VONIS.ID - Setelah resmi disahkan DPR, revisi UU Kejaksaan langsung mendapat sorotan terkait tugas dan wewenang jaksa yang di antaranya boleh melakukan penyadapan, Pakar Hukum sebut ini persoalan sensitif.
Sebelumnya, DPR telah mengesahkan UU Kejaksaan dalam rapat paripurna yang berlangsung pada Selasa (7/12/2021).
Paling disorot dalam UU Kejaksaan tersebut adalah terkait kewenangan kejaksaan dalam melakukan penyadapan.
Kewenangan penyadapan tersebut diatur dalam Pasal 30 C huruf K beleid hasil amandemen, yang menjelaskan bahwa jaksa memiliki melakukan penyadapan berdasarkan undang-undang khusus yang mengatur mengenai penyadapan.
"Tugas dan wewenang Jaksa diubah dalam undang-undang ini antara lain melakukan penyadapan berdasarkan undang-undang khusus yang mengatur mengenai penyadapan dan menyelenggarakan pusat pemantauan di bidang tindak pidana," bunyi pernyataan Kejaksaan.
Terkait hal tersebut, Pakar Hukum Pidana dari Universitas Al Azhar Indonesia, Suparji Ahmad tak tinggal diam. Menurutnya kewenangan Kejaksaan untuk melakukan penyadapan berdasarkan UU Kejaksaan perlu dipagari dengan pedoman aturan pelaksanaan teknis.
Pasalnya ia menilai penyadapan sebagai persoalan yang sensitif.
"Persoalan penyadapan adalah yang sangat sensitif karena ada konflik antara kepentingan publik dan kepentingan privat," ucap Suparji Ahmad dalam webinar bertajuk 'Mengangkat Marwah Kejaksaan, Membangun Adhyaksa Modern', Rabu 15 Desember 2021.

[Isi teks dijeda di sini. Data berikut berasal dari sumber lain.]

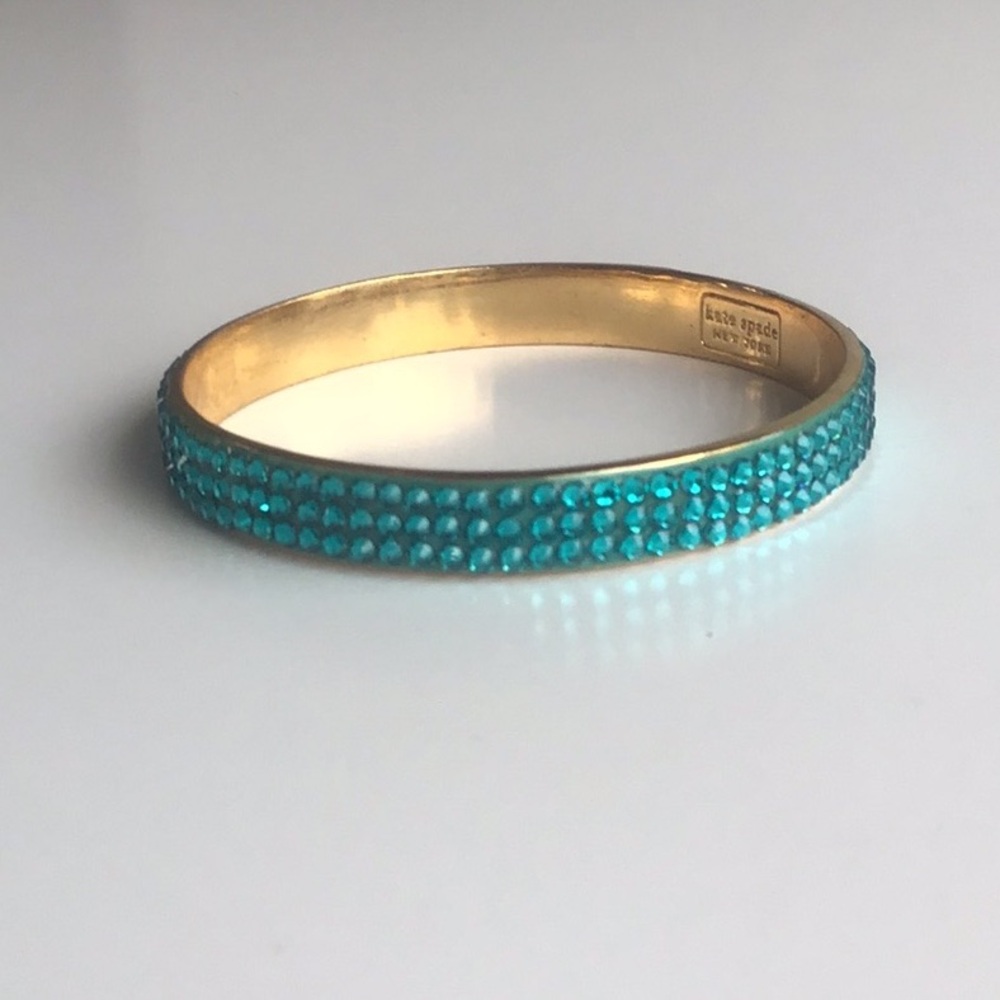 Kate Spade Gold and teal turquoise jewel rhinestone Crystal bangle Bracelet - Picture 8 of 16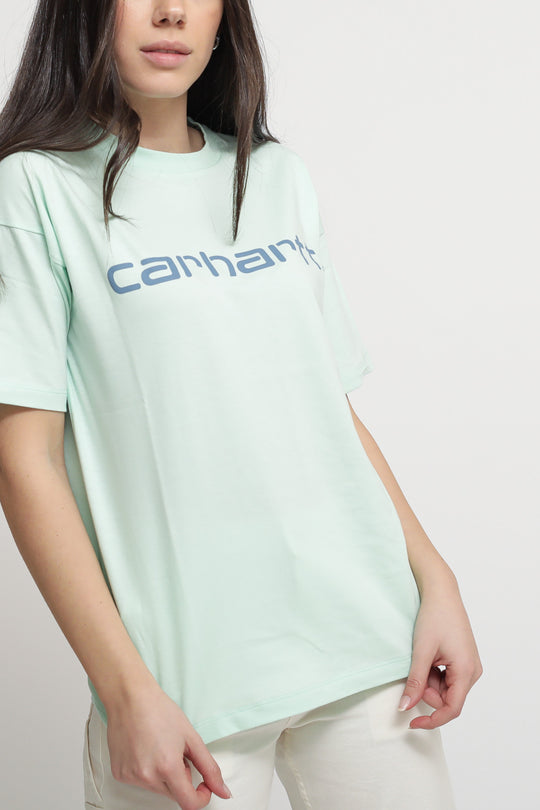 W' S/S Script T-shirt - Pale Spearmint/Icy Water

Ia menilai tugas dan wewenang jaksa dalam melakukan penyadapan justru berpotensi terjadinya pelanggaran HAM.
Hal tersebut bisa terjadi manakala penyadapan yang dilakukan Kejaksaan Agung tanpa pedoman aturan yang jelas.

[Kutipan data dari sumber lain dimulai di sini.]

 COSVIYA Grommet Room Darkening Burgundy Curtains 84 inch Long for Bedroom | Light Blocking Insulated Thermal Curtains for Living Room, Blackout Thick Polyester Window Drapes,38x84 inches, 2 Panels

"Saya pernah membaca ada buku tentang penyadapan dan hak asasi manusia. Saya kira itu juga bisa menjadi referensi tentang bagaimana melaksanakan penyadapan," ungkapnya.
Menurut Suparji Ahmad, jaksa membawa kepentingan publik saat melakukan proses penegakan hukum.

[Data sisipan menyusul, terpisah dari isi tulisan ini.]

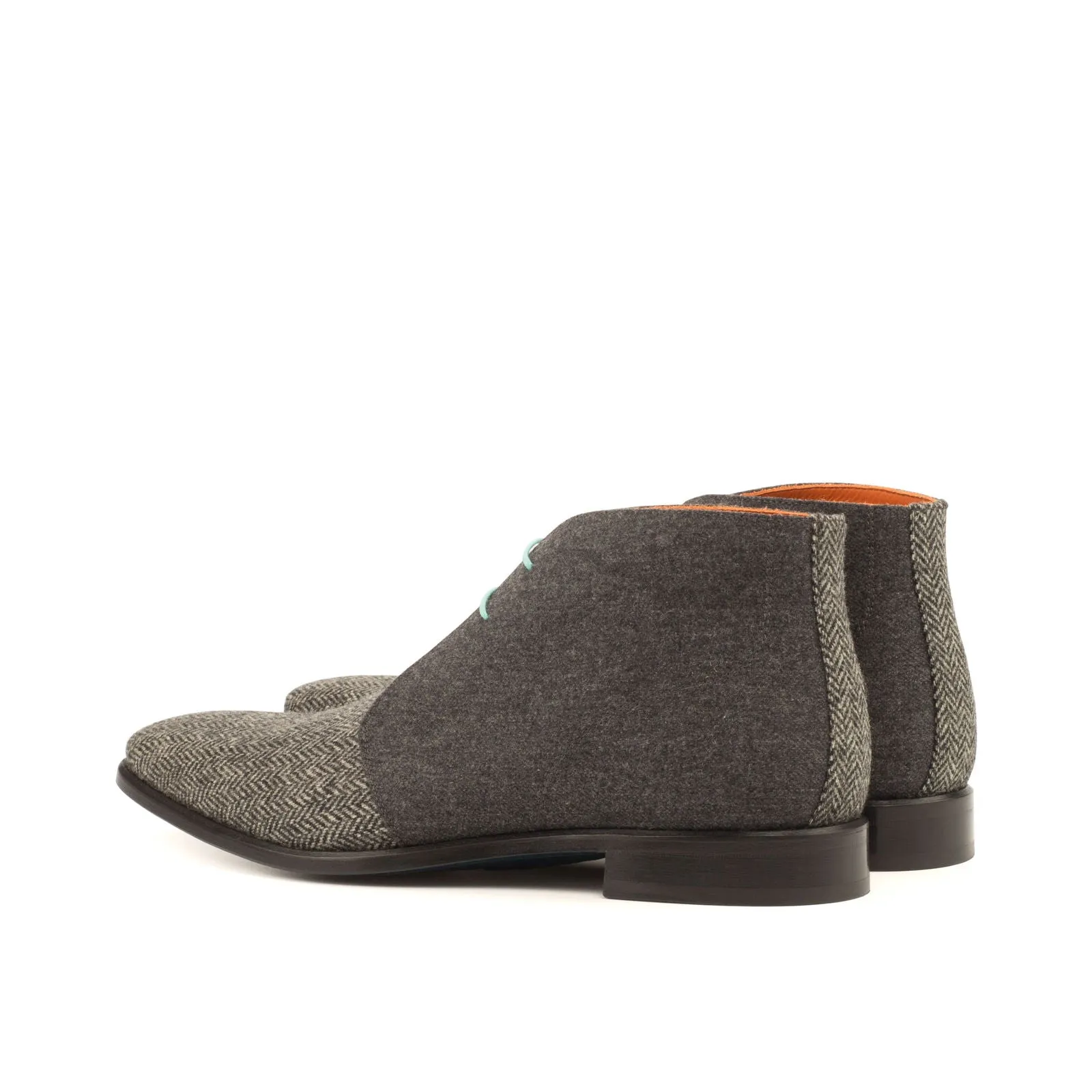 Men's Chukka Leather Boots Wide Plus Size Grey 3638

Akan tetapi, kata dia, jaksa dapat masuk ke ranah-ranah pribadi dan piranti-piranti komunikasi individu dengan kewenangan penyadapan.
Penyalahgunaan kewenangan terkait hal ini yang dapat melanggar hak asasi manusia.
"Harus ada komitmen. Hasil penyadapan itu memang yang seharusnya memiliki relevansi pada konteks penegakan hukum, jangan sampai membawa persoalan-persoalan individu yang tidak ada kaitannya dengan perkara.
Misalnya, soal kehidupan rumah tangganya atau anaknya. Itu tidak memiliki korelasi dengan pembuktian perkara," tutur Suparji Ahmad.
Iapun menekankan pentingnya pedoman utama proses penyadapan yang dapat benar-benar menjamin tindakan itu dilakukan dalam rangka kepentingan penegakan hukum.
"Jaminan bahwa penyadapan tidak memiliki tendensi lain, selain untuk menegakkan hukum, dapat meminimalisir distorsi, penyimpangan, atau pelanggaran HAM," ujarnya.